Segment Open

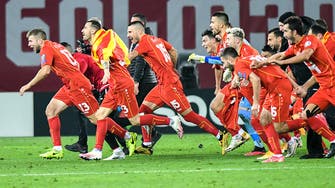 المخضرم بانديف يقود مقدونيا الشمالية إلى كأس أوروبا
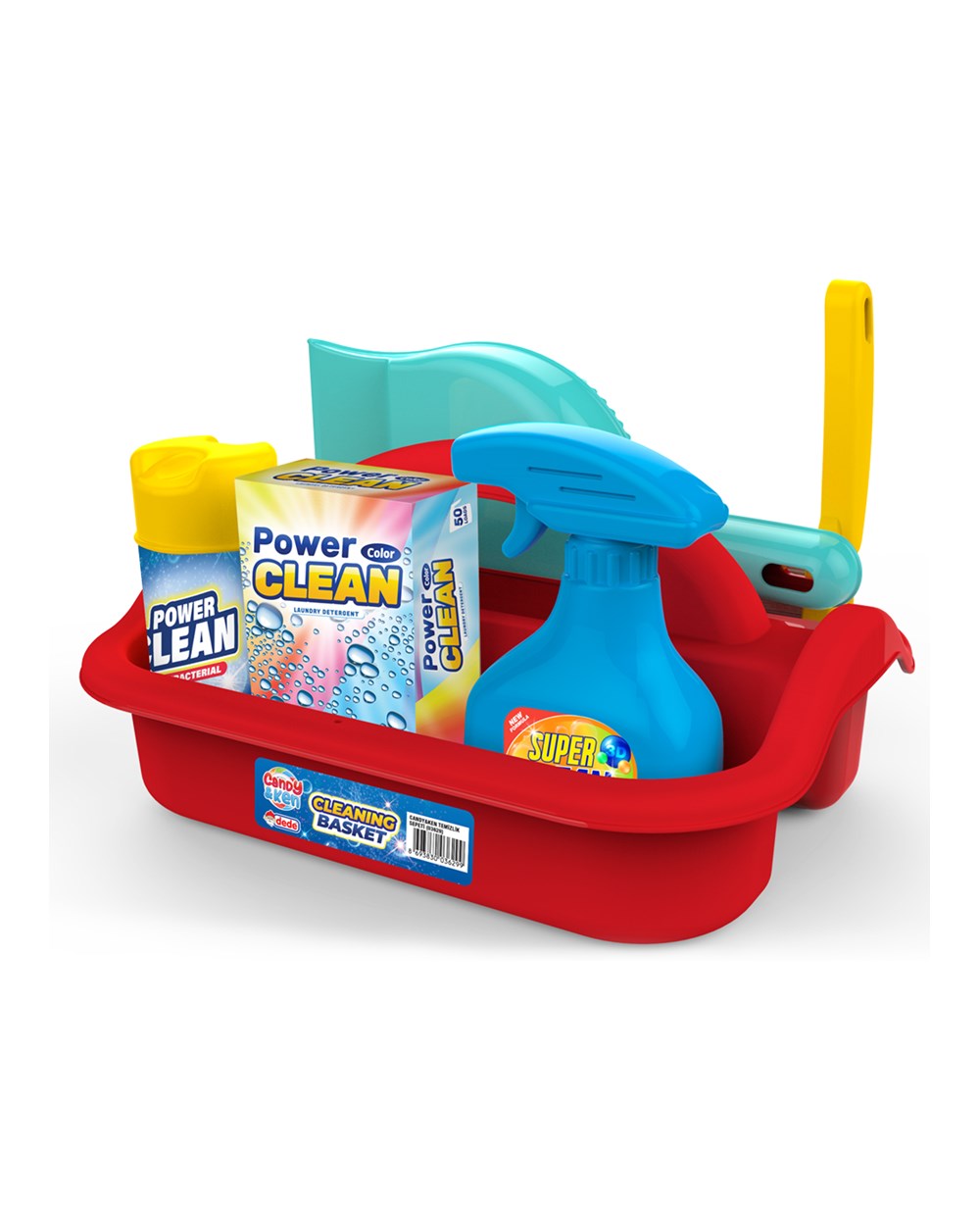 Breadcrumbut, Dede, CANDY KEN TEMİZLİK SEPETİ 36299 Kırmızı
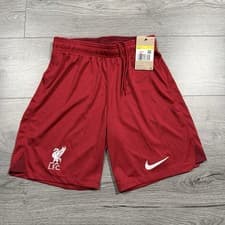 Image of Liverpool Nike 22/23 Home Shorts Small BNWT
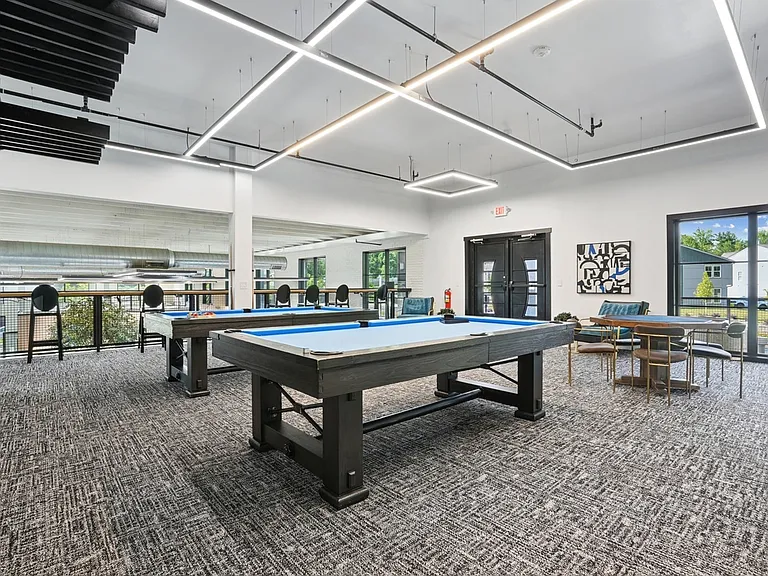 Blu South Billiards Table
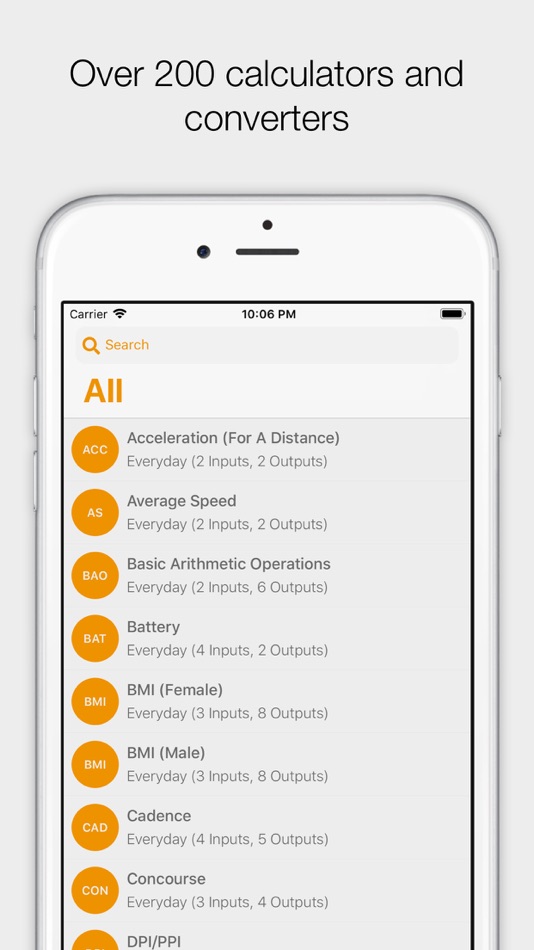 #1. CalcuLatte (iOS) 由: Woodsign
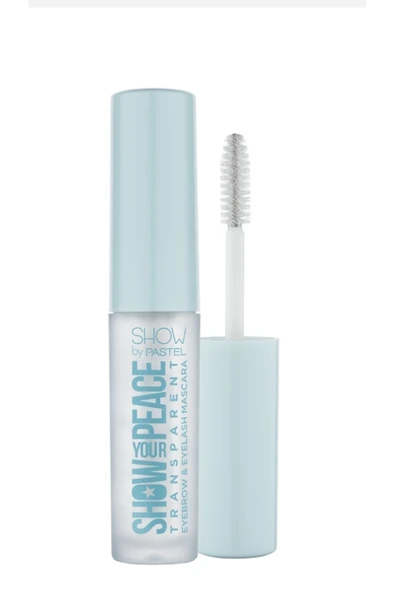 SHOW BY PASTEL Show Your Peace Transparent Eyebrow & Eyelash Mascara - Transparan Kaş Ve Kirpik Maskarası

Segment Closed
Segment Open

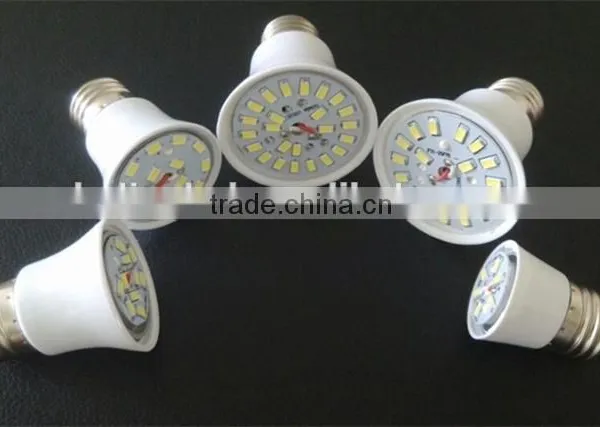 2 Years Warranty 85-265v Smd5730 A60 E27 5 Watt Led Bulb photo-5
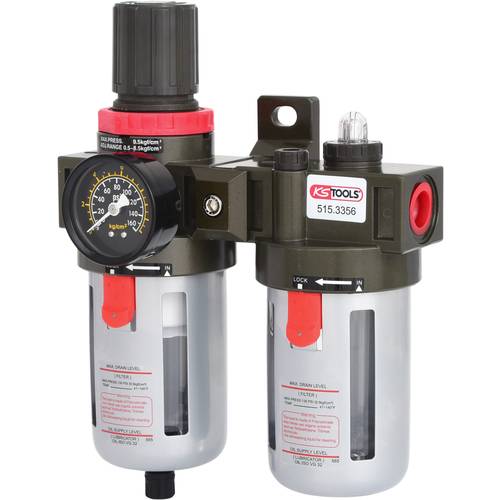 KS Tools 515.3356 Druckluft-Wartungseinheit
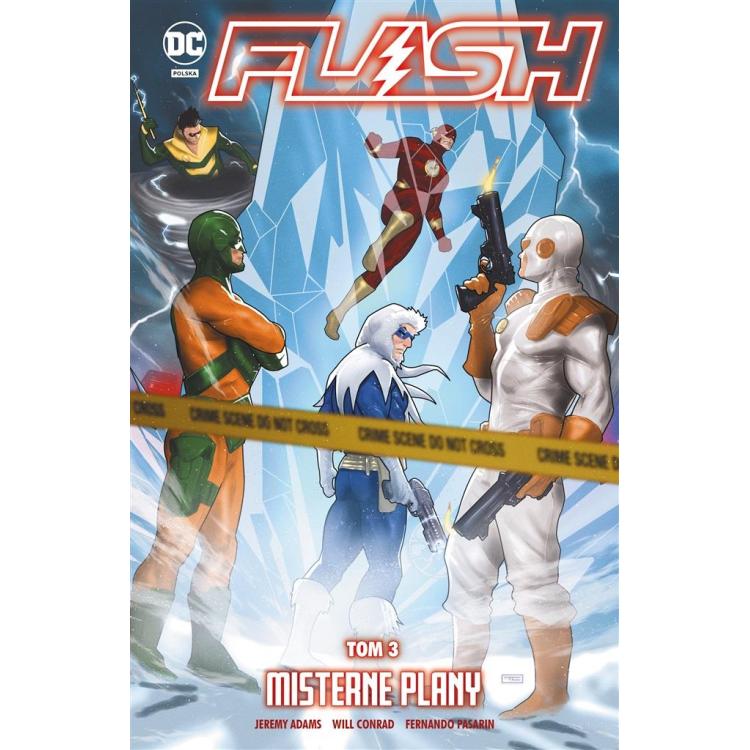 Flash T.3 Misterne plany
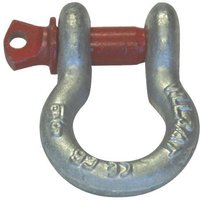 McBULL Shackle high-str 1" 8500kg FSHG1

Segment Closed
Segment Open

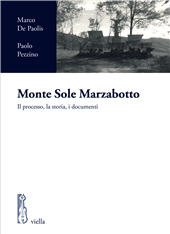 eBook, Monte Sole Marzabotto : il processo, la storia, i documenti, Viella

Segment Closed

Problem requirements: Everything from the line with "Blu South Billiards Table" down to the line with "SHOW BY PASTEL" in the data above should be copied exactly, with both end lines kept and the pictures left out.

Reply to the task:
 Blu South Billiards Table
 #1. CalcuLatte (iOS) 由: Woodsign
 SHOW BY PASTEL Show Your Peace Transparent Eyebrow & Eyelash Mascara - Transparan Kaş Ve Kirpik Maskarası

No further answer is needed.